_Your assignment_:
With the images removed, transcribe the listing that follows exactly.

┄┄┄┄┄┄

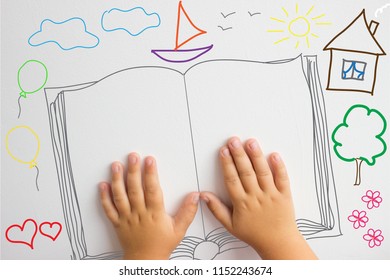 Children's Hands On The Book. Fantasy Child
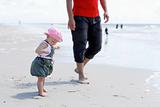 A little girl with her father at the beach.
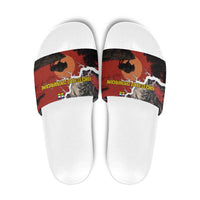 White slide sandals with red buffalo and map graphic on the strap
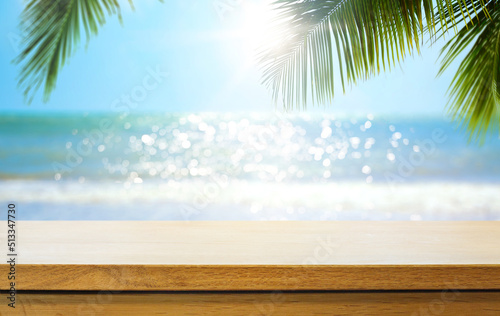 Empty wooden table over blurred sunny tropical beach background. Outdoor party mock up for design and product display.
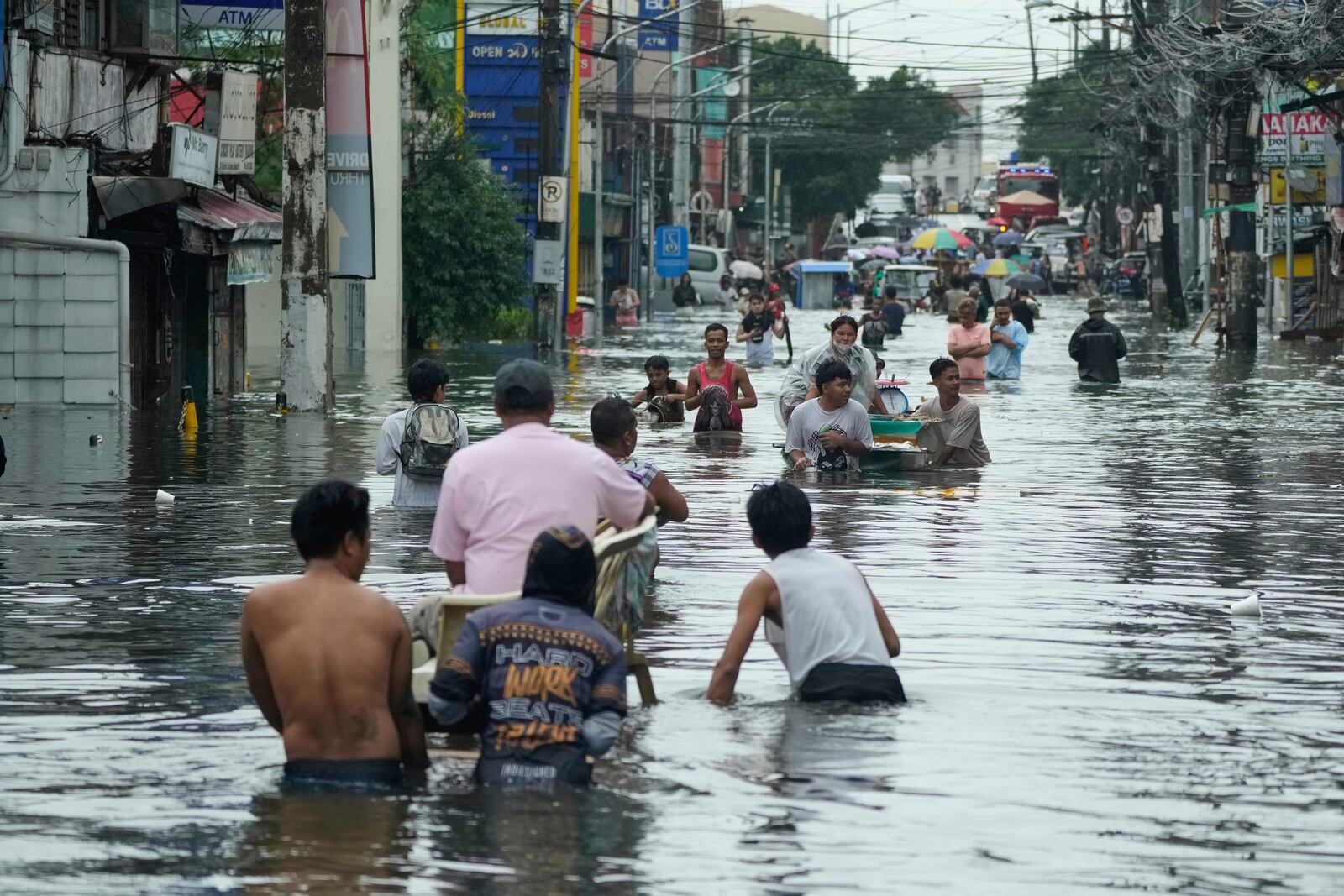 Residents wade along a flooded road as Typhoon Co-may intensified seasonal monsoon rains at Malabon city, Philippines on Friday, July 25, 2025. (AP Photo/Aaron Favila)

┄┄┄┄┄┄

_Answer to this task_:
 Children's Hands On The Book. Fantasy Child
 A little girl with her father at the beach.
 White slide sandals with red buffalo and map graphic on the strap
 Empty wooden table over blurred sunny tropical beach background. Outdoor party mock up for design and product display.
 Residents wade along a flooded road as Typhoon Co-may intensified seasonal monsoon rains at Malabon city, Philippines on Friday, July 25, 2025. (AP Photo/Aaron Favila)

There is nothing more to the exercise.